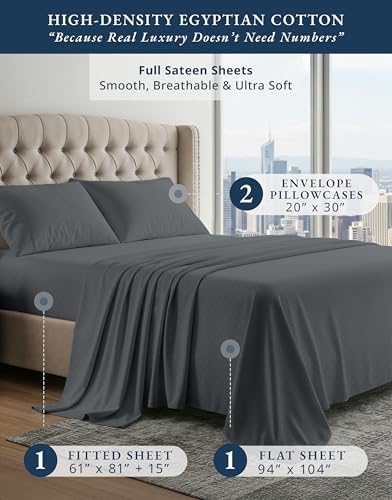 LANE LINEN Full Bed Sheets 100% Egyptian Cotton Sateen - Charcoal Swiss Dot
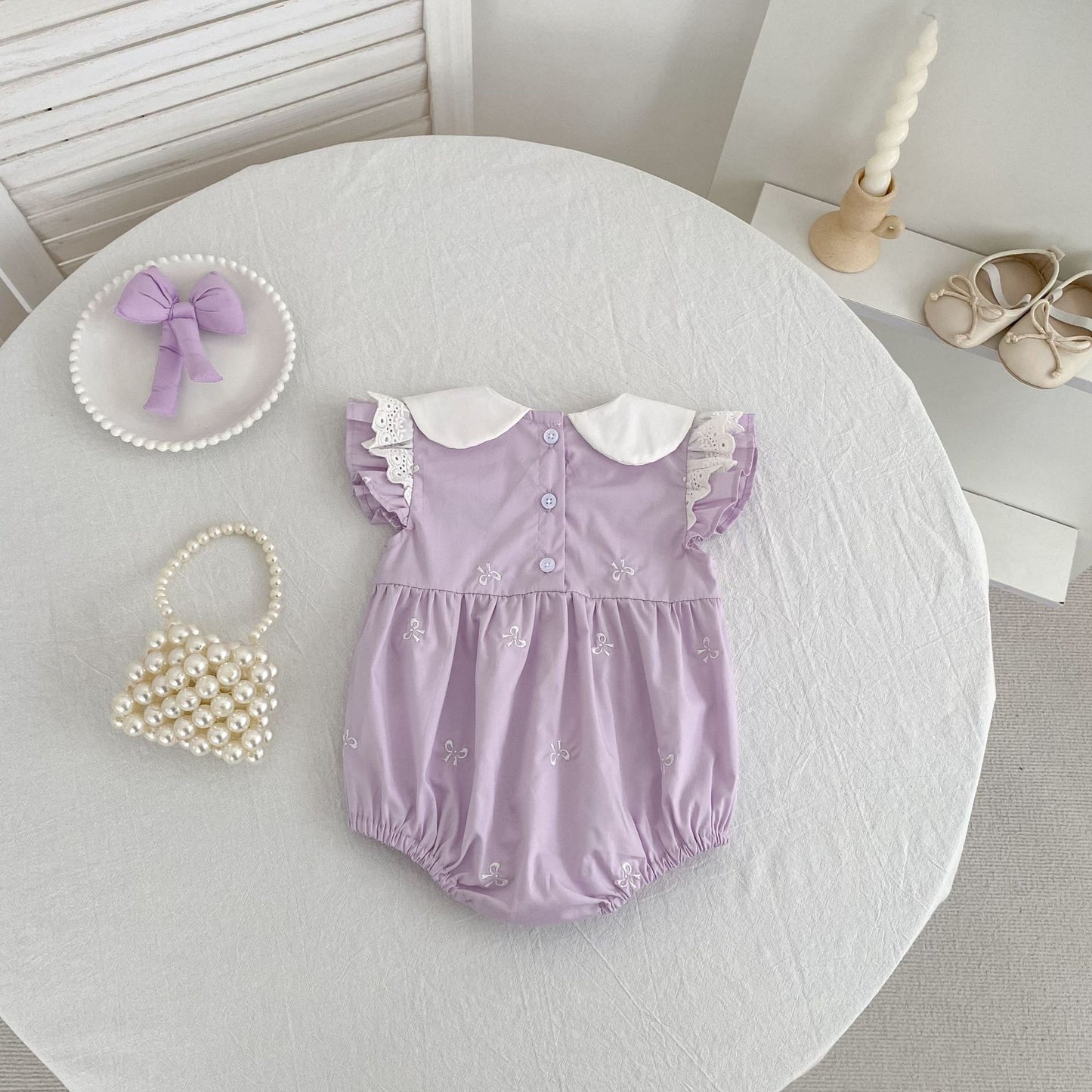 Bow Embroidery Ruffle Romper Dress ラッフル ロンパース ワンピース【mh0013161】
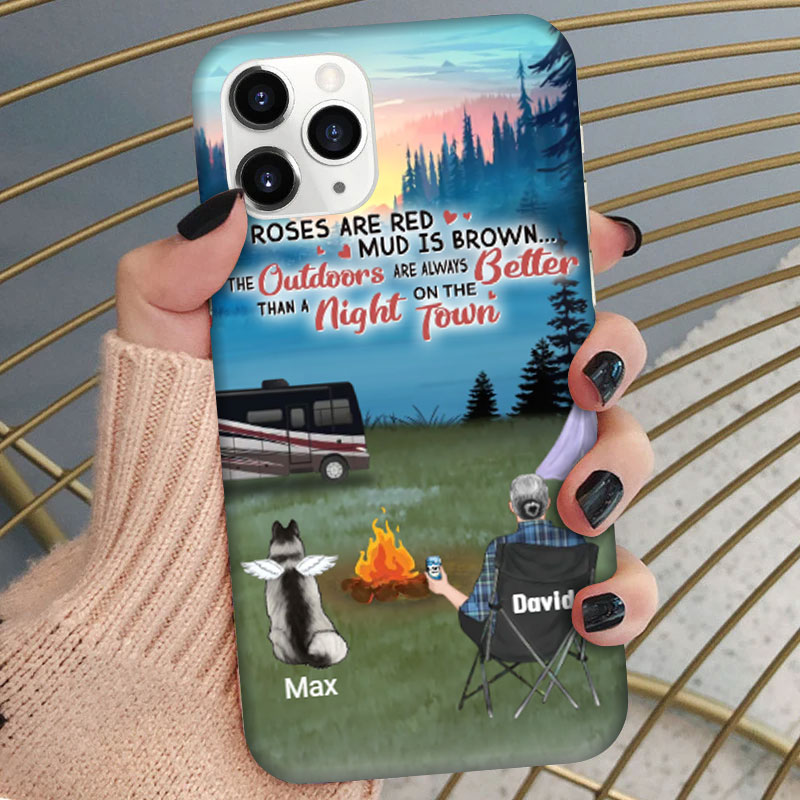 Maßgeschneiderte personalisierte Nachtcamping Handyhülle Vatertagsgeschenk für Campingliebhaber
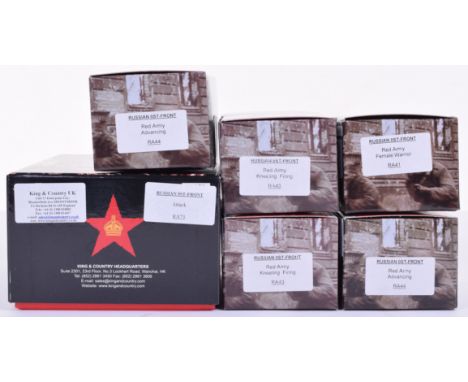 King and Country Russian 0ST-Front sets RA41 Red Army Female Warrior, RA43 Red Army Kneeling Firing (two), RA44 Red Army Adva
::::
### TRY IT
Set down the data above exactly as written. Omit the pictures.

### SOLUTION FOR THIS TASK
 LANE LINEN Full Bed Sheets 100% Egyptian Cotton Sateen - Charcoal Swiss Dot
 Bow Embroidery Ruffle Romper Dress ラッフル ロンパース ワンピース【mh0013161】
 Maßgeschneiderte personalisierte Nachtcamping Handyhülle Vatertagsgeschenk für Campingliebhaber
 King and Country Russian 0ST-Front sets RA41 Red Army Female Warrior, RA43 Red Army Kneeling Firing (two), RA44 Red Army Adva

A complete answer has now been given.